I've tried to induce some of these deficiencies. They are actually fairly tough and each plant species(we kept about 400) responds differently, this adds to the over generalization used from terrestrial Crop diagrams. You run the risk of being way too general to get much use from these diagrams. That is certainly the case in every case I've seen, but what do I know

I spend a fair amount of time nagging folks on CO2 or light.
But new folks and the intermediate often wallow on nutrients as some key trick to "magically make their tank's blossom". I have some nice planted tanks, I can tell you, I do not fuss or worry much with ferts, I add them 2-4x a week and that is it.

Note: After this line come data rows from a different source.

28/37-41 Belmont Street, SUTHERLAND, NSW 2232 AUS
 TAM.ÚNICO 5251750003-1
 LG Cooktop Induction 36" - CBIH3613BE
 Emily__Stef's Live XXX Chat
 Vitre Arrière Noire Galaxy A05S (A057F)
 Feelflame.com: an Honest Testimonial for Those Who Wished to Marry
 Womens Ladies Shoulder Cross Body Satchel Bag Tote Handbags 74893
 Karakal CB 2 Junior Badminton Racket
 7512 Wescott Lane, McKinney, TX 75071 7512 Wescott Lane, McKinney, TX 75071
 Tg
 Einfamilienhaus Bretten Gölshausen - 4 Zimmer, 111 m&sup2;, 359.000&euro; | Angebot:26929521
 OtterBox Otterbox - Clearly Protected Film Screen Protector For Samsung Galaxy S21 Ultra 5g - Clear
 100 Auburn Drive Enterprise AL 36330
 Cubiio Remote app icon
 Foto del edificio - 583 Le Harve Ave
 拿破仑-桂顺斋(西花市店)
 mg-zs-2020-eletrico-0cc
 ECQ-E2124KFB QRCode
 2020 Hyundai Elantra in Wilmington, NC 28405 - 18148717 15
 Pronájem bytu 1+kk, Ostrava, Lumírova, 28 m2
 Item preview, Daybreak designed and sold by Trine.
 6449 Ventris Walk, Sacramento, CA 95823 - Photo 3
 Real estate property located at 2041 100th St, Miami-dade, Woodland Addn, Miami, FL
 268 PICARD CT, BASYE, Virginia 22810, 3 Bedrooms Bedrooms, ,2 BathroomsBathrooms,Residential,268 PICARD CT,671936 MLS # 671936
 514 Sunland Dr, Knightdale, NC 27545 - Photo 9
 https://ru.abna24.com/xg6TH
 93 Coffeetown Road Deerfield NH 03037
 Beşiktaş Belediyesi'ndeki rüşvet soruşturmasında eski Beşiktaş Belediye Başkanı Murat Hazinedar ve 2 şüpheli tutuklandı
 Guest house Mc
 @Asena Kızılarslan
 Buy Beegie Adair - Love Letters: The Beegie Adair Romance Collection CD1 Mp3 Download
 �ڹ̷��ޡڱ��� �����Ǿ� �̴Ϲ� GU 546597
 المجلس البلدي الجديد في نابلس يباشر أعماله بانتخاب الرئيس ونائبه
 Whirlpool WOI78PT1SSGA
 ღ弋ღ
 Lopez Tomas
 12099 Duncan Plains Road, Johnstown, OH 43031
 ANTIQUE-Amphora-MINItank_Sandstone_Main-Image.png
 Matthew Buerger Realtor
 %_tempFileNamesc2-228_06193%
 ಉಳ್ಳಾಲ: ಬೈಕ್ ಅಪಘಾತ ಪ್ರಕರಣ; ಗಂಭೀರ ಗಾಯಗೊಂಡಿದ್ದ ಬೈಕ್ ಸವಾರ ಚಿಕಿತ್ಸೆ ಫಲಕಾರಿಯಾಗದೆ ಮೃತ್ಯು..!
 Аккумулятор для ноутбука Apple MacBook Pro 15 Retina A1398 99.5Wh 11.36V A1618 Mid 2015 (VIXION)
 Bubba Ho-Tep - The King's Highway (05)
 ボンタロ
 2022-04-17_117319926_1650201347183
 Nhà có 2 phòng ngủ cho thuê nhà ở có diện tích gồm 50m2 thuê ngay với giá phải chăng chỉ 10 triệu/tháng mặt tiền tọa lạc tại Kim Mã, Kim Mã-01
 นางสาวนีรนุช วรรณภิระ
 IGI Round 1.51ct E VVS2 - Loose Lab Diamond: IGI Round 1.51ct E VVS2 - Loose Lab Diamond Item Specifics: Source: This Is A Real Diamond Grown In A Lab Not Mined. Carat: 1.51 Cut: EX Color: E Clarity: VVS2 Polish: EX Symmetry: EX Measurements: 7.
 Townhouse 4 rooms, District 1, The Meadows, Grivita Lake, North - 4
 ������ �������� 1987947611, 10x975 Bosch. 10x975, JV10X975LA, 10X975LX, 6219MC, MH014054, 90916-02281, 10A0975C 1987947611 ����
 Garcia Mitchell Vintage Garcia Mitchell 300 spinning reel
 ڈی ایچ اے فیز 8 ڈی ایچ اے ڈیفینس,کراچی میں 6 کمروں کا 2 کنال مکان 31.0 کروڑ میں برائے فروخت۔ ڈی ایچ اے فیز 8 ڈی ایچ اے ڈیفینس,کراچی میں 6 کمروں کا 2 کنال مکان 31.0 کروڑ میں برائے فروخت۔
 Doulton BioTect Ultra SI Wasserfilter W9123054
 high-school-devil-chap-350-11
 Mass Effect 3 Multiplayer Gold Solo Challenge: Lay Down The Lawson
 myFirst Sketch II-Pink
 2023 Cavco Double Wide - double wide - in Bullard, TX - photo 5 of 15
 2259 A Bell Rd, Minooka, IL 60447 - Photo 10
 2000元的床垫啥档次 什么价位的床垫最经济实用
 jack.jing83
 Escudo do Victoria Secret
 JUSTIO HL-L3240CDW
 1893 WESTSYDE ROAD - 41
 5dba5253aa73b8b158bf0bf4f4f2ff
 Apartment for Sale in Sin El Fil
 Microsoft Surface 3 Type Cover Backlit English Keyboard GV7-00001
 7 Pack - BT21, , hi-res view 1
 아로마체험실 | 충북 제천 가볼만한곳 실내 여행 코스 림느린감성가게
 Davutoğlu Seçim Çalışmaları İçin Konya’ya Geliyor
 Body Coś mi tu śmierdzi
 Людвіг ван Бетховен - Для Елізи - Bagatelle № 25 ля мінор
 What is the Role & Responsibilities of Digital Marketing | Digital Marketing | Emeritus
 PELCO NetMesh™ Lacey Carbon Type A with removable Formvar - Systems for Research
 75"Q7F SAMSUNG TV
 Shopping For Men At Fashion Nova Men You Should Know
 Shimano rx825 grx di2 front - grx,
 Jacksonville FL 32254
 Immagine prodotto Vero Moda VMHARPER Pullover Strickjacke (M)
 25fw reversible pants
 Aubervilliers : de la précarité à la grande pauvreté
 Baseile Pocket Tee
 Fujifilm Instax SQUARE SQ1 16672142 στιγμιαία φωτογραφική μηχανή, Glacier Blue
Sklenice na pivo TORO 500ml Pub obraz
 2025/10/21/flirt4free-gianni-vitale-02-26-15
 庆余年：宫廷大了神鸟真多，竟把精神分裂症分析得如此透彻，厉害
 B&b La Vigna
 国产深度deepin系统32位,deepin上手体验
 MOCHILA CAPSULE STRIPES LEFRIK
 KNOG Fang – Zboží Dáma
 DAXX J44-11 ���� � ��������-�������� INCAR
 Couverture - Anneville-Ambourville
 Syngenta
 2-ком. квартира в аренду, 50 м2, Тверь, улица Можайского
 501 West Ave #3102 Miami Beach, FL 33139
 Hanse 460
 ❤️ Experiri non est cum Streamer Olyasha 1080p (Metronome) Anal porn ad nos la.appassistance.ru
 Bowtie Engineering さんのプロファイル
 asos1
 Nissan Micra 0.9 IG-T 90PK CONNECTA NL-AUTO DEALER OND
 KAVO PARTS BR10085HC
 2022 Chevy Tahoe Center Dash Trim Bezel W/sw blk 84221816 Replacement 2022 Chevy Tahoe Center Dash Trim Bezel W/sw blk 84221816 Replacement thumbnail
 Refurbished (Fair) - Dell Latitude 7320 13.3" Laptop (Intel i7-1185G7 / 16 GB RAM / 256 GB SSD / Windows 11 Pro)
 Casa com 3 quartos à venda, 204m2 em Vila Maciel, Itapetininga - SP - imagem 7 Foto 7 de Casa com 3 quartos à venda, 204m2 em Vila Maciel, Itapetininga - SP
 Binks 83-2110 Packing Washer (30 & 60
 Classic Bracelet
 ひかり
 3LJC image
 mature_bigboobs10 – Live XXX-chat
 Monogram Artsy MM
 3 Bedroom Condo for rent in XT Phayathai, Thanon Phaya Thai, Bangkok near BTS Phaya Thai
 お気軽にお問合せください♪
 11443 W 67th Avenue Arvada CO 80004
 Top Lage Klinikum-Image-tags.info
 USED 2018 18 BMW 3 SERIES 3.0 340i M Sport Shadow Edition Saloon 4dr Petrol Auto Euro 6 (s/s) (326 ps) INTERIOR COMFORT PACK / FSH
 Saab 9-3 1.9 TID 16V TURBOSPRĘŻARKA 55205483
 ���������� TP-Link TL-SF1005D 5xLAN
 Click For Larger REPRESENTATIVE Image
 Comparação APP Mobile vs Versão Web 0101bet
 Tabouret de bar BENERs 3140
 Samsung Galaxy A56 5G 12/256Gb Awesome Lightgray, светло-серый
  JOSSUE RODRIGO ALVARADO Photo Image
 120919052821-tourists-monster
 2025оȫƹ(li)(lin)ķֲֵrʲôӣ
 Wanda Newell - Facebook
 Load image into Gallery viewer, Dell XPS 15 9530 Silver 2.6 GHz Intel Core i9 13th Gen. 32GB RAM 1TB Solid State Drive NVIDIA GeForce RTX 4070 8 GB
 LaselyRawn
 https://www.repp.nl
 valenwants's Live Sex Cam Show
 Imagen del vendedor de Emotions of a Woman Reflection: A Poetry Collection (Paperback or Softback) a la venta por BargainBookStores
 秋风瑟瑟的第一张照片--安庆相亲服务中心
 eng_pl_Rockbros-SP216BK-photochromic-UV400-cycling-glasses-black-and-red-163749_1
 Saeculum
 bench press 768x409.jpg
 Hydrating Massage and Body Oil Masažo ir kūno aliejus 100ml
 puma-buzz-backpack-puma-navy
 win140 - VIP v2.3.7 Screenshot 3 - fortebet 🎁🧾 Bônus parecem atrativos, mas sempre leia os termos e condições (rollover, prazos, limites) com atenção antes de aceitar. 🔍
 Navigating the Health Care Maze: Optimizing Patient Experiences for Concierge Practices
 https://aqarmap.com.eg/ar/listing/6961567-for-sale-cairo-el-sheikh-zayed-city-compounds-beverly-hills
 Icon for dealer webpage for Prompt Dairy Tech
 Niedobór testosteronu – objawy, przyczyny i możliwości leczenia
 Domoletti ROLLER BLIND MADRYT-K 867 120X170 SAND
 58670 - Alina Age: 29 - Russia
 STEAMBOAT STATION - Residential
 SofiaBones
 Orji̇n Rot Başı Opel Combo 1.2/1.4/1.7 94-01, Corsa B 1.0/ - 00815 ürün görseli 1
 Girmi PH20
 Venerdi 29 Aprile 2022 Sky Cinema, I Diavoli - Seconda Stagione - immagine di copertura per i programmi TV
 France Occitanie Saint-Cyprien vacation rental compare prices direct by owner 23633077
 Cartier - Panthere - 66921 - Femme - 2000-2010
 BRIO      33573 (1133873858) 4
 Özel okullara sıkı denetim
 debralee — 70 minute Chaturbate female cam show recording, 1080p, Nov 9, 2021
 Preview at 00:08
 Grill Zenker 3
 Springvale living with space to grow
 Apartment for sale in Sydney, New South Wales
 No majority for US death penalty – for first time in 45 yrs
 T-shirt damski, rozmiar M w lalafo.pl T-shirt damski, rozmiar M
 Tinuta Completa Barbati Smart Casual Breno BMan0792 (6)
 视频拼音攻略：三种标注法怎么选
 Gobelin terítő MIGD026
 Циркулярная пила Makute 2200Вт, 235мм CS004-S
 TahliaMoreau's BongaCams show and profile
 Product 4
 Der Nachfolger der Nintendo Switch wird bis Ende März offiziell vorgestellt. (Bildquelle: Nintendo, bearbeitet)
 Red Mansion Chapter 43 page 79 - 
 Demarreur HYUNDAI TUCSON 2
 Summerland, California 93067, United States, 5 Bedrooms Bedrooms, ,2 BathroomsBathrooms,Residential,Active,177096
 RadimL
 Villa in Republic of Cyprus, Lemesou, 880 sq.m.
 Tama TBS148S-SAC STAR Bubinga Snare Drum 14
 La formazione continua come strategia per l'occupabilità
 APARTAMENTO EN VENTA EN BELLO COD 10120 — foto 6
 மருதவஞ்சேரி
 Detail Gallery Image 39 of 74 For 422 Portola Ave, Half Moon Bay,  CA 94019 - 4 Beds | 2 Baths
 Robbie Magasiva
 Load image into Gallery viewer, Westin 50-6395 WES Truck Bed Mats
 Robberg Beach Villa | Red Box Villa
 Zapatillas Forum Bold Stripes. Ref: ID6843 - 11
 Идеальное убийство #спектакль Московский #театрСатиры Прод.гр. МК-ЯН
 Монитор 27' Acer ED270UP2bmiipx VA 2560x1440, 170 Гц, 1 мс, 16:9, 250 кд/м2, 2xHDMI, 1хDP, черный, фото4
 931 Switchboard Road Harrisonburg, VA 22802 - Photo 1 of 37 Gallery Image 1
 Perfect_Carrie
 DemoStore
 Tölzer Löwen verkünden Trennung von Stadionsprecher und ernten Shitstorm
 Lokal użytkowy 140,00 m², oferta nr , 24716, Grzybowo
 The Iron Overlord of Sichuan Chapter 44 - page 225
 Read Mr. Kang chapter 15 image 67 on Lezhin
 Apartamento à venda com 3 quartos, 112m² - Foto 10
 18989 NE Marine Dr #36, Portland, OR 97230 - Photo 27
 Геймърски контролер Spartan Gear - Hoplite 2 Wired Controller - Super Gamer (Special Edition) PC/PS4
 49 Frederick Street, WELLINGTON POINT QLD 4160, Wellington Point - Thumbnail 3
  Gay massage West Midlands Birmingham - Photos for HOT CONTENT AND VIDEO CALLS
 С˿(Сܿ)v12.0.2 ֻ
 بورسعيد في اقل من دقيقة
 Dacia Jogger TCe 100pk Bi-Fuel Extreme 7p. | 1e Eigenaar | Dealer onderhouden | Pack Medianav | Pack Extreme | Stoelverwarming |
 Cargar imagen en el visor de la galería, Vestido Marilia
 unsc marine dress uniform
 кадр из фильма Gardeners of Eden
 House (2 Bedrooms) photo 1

I sell maybe 200$ a month + out of the tanks in cuttings. 












I'll not lie about it, getting good CO2 is the hardest trick in the hobby.
I got burnt recently on my 70 Gal tank, HC started to look like garbage, I knew it wa sCO2, so I checked a few times, thought it was one part, thought it was another, 4 empty gas tanks I found the leak, it was the 2" MTP that connected into the regulator, I did not soapy water that part and never saw the leak. I'd torqued the pipe too strongly into the reg and the pipe frigging broke.

Now the CO2 is fine, but I had to entirely break the CO2 system down and go part by part.

Now if I'm getting burnt every so often on my 5 tanks at home, what are the odds that 1 in 5 people do something just as bone headed as me? Pretty high.


----------